IFA submitted comments March 30, 2010 to OSHA in response to its proposed rule regarding recordkeeping requirements of employers when an employee is injured or becomes ill in the workplace.  The proposal sought to amend the OSHA 300 Log sheet where employers report to the agency such incidents.  It would amend the form to include a column for employers to identify musculoskeletal disorders as illnesses.  It also defined MSDs broadly as any level of discomfort, including, but not limited to back pain, muscle aches and carpal tunnel syndrome, which would trigger the duty for employers to report.

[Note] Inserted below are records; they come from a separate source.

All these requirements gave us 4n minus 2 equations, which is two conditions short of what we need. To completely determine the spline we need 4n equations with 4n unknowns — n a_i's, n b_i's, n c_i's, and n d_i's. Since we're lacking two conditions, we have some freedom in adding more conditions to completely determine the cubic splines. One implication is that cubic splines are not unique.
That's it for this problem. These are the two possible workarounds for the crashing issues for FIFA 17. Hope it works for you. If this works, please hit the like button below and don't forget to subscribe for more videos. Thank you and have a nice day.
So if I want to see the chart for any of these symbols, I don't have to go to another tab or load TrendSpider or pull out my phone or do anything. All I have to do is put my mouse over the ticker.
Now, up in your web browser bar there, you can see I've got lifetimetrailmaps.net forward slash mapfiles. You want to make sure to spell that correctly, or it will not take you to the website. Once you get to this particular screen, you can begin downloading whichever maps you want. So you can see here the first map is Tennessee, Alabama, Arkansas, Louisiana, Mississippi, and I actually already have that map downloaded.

In 2001, IFA and the employer community successfully overturned a Clinton administration ergonomics regulation at OSHA that would have implemented the same broad MSD definitions and require employers to develop “one-size fits all” safety programs for these complex and not-well-understood ailments.  The comments submitted by IFA and other trade associations also pointed out how OSHA has grossly under-estimated the costs of this proposal, particularly on small businesses, and accordingly should have conducted a small-business review panel to learn more about how small firms would comply with this regulation.

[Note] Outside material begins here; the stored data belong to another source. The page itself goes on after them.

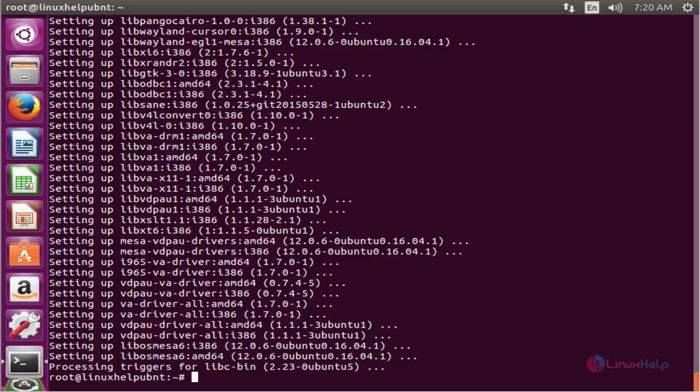These are the steps to install Wine Staging on Ubuntu and derivative systems. Thank you for watching.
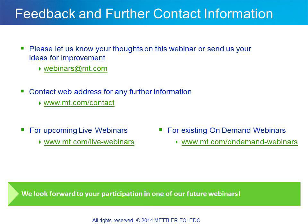At this point, I'd like to thank you for your participation. There are many more webinars available on our website at www.mt.com/AC-webinars. I wish you a good day — have a good one, bye.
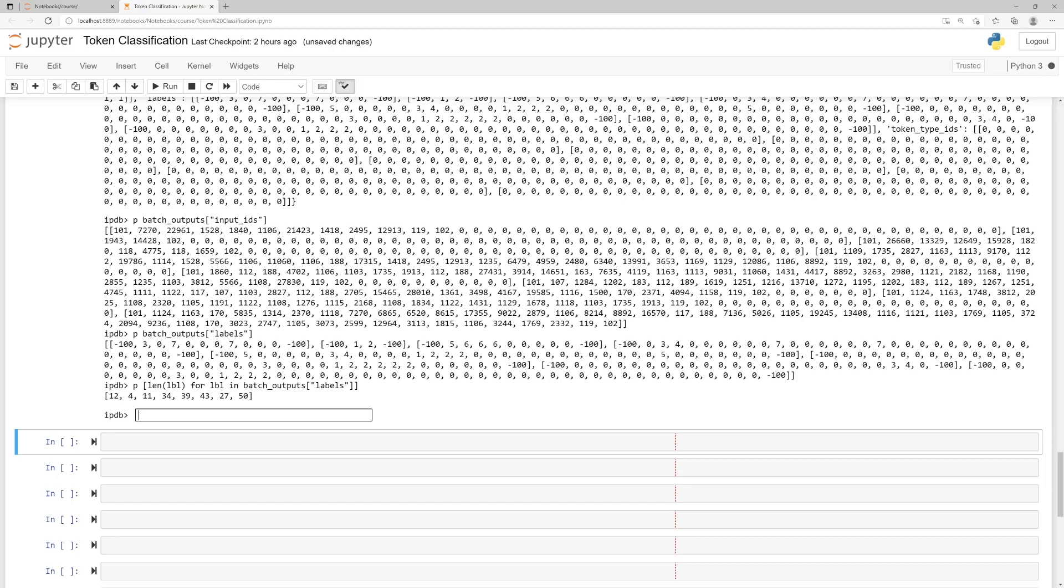This is because the PAD method of the tokenizer only takes care of the tokenizer outputs: Input IDs, Attention Mask and Token Type IDs. So we have to pad the labels ourselves before trying to create a tensor with them.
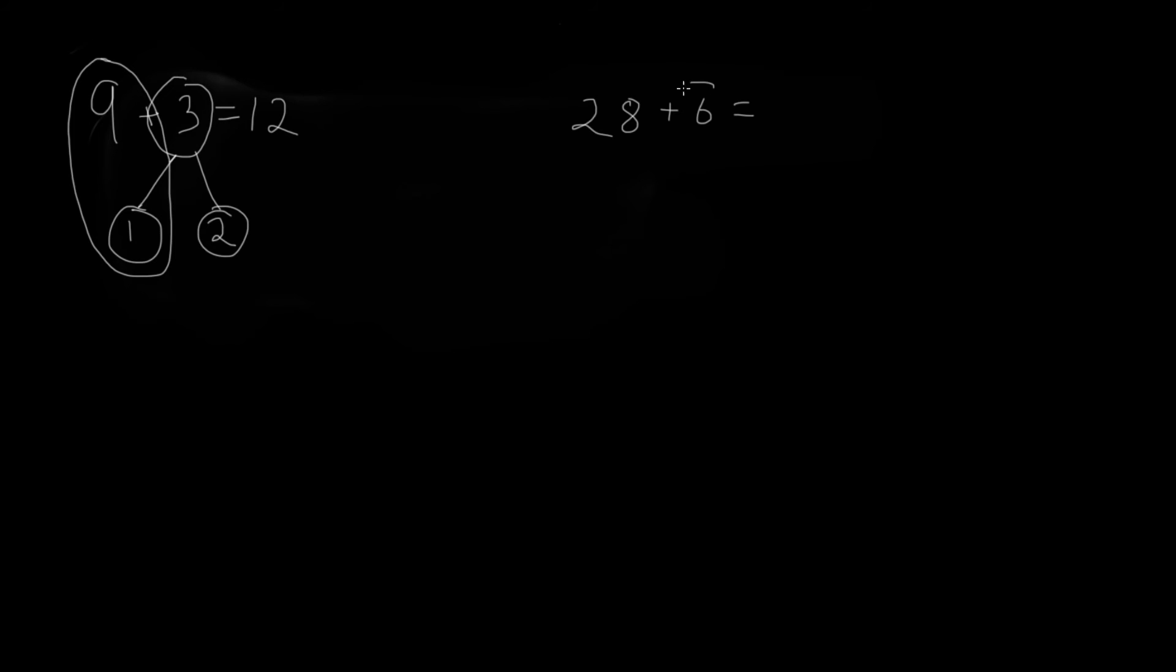So let's borrow 2 from this 6 by splitting it into a number bond. We'll split 6 into one part of 2 and another part of 4.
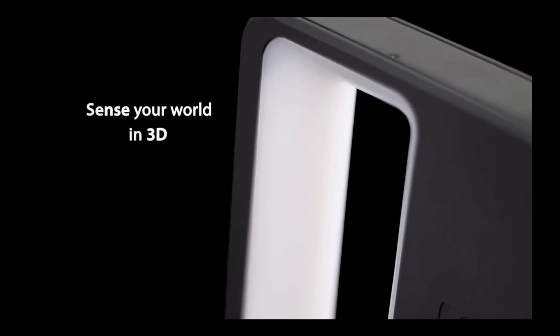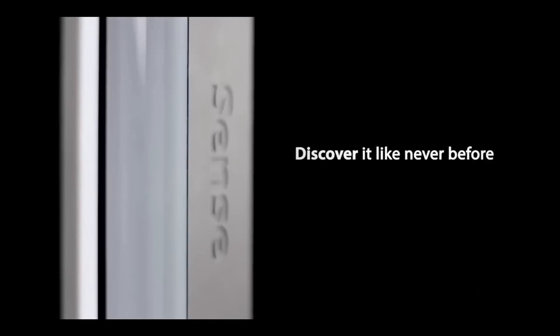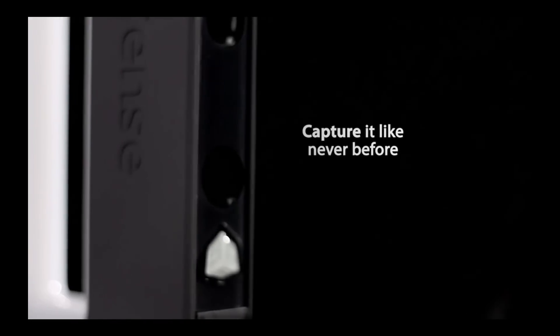I'm having a quick unboxing of the Cubify Sense 3D Scanner.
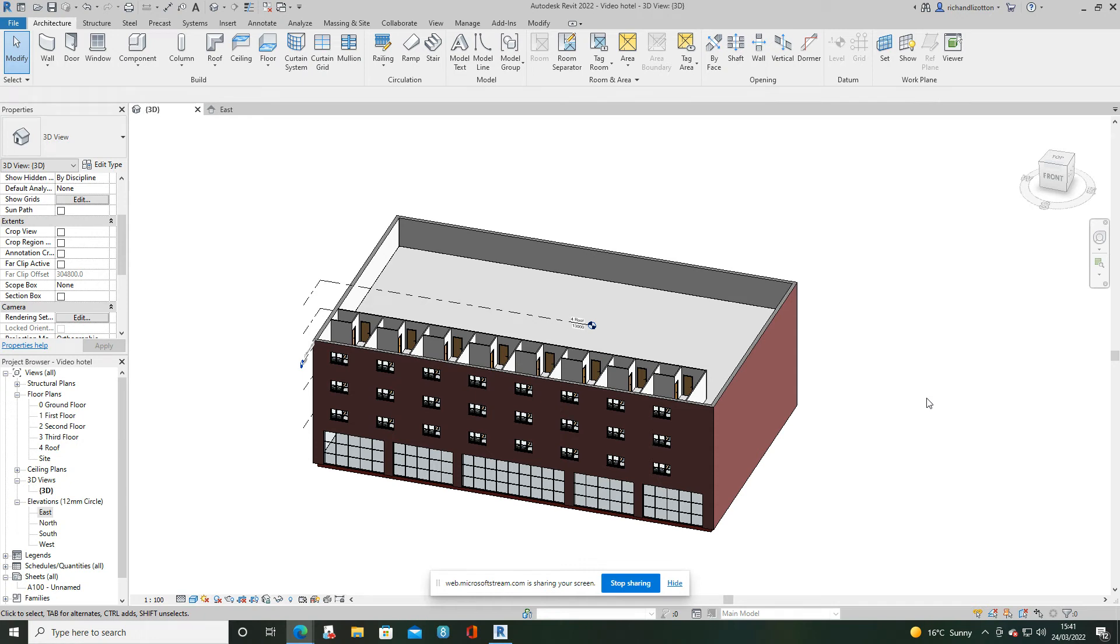In this recording we're going to have a look at creating a curved roof and then we're going to add a skylight into that roof.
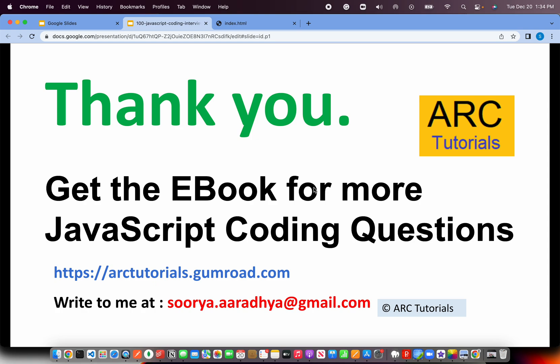If you have any questions, write to me at surya.aradya@gmail.com. Thank you so much for joining, see you in the next episode.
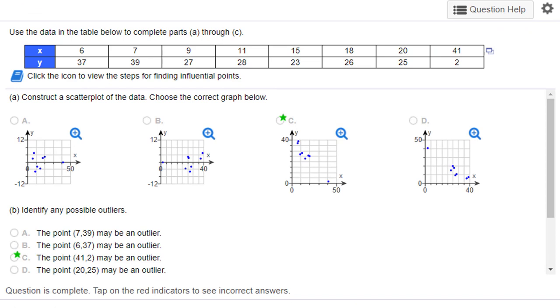Hi, this is Dr. Don. I have another problem from Chapter 9 on regression. In this one, we're asked to determine whether or not we have possible outliers and influential points in our data, and we can do this very quickly using StatCrunch.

IFA will continue to press for regulatory and legislative corrections to afford the best environment for franchise businesses to continue to operate and expand creating opportunities in local communities.

State Issues
The new year also marks the beginning of state legislative sessions.  IFA is actively monitoring on a daily basis the introduction of legislation in state capitals across the country.  To date, bills affecting franchising have been proposed in such states as Montana, New Jersey and North Carolina, as well as the territory of Puerto Rico.  IFA staff are working closely with our allies in those states and actively reaching out to lawmakers.  No bills have gained momentum toward passage as of yet and IFA members can keep informed by logging into the Government Relations section of IFA’s Web site at  


www.franchise.org



The IFA continues to pursue a multi-state strategy to address the mis- classification of the franchisor-franchisee business relationship.  Some states have aggressively applied independent contractor statutes to the franchise business relationship, most notably in Massachusetts, under the Awuah decision.  IFA is moving forward in Massachusetts and other states to clarify that franchising is uniquely different from the traditional employer-employee relationship.